6.21 Optional homework

We can think of our PCA as a model of human individuals. If we have a mystery individual but we know their genotypes for the variants in our PCA, we can predict where they should lie in PCA space and thus guess their ancestry.

We’ve prepared a file, unknown.txt, which contains genotypes for one mystery sample (NA21121). We’ll compare it to the PCA model that you created for the required homework.

Follow the instructions to predict NA21121’s placement on your PCA plot.

6.21.0.1 Prepare unknown sample for PCA

Assignment: Read in unknown.txt, convert it to a matrix, and transpose.


Solution
# read VCF
unknown <- read.table("unknown.txt") %>%
  as.matrix()

# transpose matrix
unknown_T <- t(unknown)

6.21.0.2 Predict PCA placement of unknown sample

Assignment: Run the code block below to predict and plot NA21121 on top of your PCA plot from the required homework. If necessary, plot PC2 vs. PC3 as well. What superpopulation do you think NA21121 is from?


Solution
# predict pca placement of unknown data
unknown_pca <- predict(pca_all,
                       unknown_T)

# create dataframe from predicted PCA
unknown_results <- data.frame("PC1" = unknown_pca[, "PC1"],
                              "PC2" = unknown_pca[, "PC2"],
                              "PC3" = unknown_pca[, "PC3"],
                              "sample" = "NA21121")

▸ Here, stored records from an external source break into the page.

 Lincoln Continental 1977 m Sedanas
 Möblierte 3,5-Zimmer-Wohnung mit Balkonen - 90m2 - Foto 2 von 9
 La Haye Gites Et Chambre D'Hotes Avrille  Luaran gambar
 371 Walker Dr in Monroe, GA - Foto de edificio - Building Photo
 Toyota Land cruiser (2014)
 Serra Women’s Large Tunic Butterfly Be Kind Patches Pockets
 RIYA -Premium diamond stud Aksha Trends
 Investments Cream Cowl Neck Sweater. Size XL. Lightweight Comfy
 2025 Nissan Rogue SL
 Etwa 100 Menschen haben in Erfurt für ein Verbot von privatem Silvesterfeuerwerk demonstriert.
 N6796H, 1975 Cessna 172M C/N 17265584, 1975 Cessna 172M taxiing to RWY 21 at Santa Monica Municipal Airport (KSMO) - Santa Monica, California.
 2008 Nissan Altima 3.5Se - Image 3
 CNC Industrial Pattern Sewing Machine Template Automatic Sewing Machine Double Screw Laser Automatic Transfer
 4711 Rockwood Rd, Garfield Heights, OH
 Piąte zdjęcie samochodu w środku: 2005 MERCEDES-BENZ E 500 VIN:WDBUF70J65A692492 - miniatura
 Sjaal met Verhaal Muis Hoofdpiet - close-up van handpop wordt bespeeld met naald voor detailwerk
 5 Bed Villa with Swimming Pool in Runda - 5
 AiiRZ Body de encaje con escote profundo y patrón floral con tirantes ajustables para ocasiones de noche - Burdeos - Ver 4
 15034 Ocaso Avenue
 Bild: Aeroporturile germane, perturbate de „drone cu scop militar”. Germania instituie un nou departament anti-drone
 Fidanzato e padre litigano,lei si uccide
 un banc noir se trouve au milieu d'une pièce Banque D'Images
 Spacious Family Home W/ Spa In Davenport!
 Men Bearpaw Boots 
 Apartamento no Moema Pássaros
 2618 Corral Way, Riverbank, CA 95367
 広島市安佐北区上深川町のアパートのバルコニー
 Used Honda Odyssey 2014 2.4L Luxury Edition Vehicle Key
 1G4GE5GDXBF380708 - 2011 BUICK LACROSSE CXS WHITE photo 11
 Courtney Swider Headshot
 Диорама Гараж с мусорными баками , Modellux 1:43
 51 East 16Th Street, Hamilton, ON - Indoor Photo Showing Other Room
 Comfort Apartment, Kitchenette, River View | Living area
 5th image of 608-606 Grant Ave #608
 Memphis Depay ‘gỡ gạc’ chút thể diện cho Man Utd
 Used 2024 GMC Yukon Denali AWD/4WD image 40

# plot PC1 vs. PC2 and then predicted sample
ggplot() +
  # PCA plot from required homework
  geom_point(data = pca_results_all, 
             aes(x = PC1, y = PC2, color = superpop)) +
  # plots the unknown sample's location on the PCs
  geom_label(data = unknown_results,
             aes(x = PC1, y = PC2, label = sample)) + 
  xlab("PC1 (9.15%)") +
  ylab("PC2 (3.82%)")

# plot PC2 vs. PC3
ggplot() +
  geom_point(data = pca_results_all, 
             aes(x = PC2, y = PC3, color = superpop)) +
  geom_label(data = unknown_results,
             aes(x = PC2, y = PC3, label = sample)) + 
  xlab("PC2 (3.82%)") +
  ylab("PC3 (1.21%)")

NA21121 seems to be part of the SAS (South Asian) superpopulation. If we look up the sample ID in the 1000 Genomes database, we can confirm that it’s part of the Gujarati Indians in Houston, TX.